:: PROBLEM ::
All lines from the one holding "Scarpe brogue con due ali testurizzate" down to the last line of the entries are to be reproduced exactly, with no other lines.

:: RECORDS TO PROCESS ::
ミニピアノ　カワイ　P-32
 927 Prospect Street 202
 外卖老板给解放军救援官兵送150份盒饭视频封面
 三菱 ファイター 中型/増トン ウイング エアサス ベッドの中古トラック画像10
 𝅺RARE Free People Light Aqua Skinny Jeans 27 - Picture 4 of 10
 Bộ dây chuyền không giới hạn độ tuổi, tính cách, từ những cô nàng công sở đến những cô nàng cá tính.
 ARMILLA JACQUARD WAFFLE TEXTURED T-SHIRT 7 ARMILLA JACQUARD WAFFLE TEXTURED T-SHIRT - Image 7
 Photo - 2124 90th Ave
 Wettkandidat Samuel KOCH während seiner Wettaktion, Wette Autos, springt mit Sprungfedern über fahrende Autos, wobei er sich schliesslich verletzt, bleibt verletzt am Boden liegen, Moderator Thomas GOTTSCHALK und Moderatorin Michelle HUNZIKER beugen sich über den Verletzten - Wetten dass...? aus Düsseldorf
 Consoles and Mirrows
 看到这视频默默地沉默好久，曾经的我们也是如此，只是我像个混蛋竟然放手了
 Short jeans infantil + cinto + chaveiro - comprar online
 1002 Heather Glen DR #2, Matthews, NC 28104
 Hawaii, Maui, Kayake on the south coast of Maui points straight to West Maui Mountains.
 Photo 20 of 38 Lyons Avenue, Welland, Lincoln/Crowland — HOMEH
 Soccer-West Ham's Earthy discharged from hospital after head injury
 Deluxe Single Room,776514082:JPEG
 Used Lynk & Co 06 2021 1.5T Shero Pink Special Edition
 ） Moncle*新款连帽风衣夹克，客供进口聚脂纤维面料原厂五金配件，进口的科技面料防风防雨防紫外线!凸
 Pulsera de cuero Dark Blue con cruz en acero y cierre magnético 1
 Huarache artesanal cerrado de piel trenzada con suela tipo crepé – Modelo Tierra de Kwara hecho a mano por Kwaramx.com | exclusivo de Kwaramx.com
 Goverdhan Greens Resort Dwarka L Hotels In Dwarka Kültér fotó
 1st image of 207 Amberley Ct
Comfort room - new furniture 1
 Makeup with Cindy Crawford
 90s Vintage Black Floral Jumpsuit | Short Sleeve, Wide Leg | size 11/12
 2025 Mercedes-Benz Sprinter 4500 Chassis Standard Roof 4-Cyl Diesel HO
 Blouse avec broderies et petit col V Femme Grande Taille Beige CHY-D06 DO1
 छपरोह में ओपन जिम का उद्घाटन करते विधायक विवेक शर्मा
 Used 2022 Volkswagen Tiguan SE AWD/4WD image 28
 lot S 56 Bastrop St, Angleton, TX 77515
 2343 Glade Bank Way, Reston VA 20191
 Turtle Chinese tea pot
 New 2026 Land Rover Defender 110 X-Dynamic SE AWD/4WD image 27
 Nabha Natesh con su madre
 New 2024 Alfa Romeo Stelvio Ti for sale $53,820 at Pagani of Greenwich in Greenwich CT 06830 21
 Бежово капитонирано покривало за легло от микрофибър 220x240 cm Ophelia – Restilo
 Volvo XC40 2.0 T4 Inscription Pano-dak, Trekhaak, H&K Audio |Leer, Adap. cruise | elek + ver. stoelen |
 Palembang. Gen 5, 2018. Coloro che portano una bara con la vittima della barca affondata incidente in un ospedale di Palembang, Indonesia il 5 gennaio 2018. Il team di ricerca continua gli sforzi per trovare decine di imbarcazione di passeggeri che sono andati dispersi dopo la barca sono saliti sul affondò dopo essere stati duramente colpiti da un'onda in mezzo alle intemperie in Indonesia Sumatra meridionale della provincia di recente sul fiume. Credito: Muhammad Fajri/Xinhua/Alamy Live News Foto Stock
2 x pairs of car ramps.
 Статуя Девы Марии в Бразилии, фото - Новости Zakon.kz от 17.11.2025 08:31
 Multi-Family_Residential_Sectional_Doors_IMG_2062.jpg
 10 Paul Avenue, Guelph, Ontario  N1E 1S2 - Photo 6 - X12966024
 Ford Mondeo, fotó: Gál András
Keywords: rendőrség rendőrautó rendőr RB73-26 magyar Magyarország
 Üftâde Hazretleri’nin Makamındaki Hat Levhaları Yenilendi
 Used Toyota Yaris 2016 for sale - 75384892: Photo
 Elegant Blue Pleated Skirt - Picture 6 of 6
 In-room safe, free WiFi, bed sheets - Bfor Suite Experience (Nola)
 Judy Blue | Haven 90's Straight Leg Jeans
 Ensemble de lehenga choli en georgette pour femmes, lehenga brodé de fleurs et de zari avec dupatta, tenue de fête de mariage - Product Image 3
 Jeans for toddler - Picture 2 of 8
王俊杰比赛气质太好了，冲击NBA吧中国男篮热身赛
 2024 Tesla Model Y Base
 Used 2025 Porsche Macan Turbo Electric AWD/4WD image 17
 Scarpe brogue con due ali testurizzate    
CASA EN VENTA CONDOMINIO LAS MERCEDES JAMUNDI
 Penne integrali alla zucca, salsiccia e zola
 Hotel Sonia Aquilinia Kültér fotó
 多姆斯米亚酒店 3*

:: WRITTEN RESPONSE ::
 Scarpe brogue con due ali testurizzate    
CASA EN VENTA CONDOMINIO LAS MERCEDES JAMUNDI
 Penne integrali alla zucca, salsiccia e zola
 Hotel Sonia Aquilinia Kültér fotó
 多姆斯米亚酒店 3*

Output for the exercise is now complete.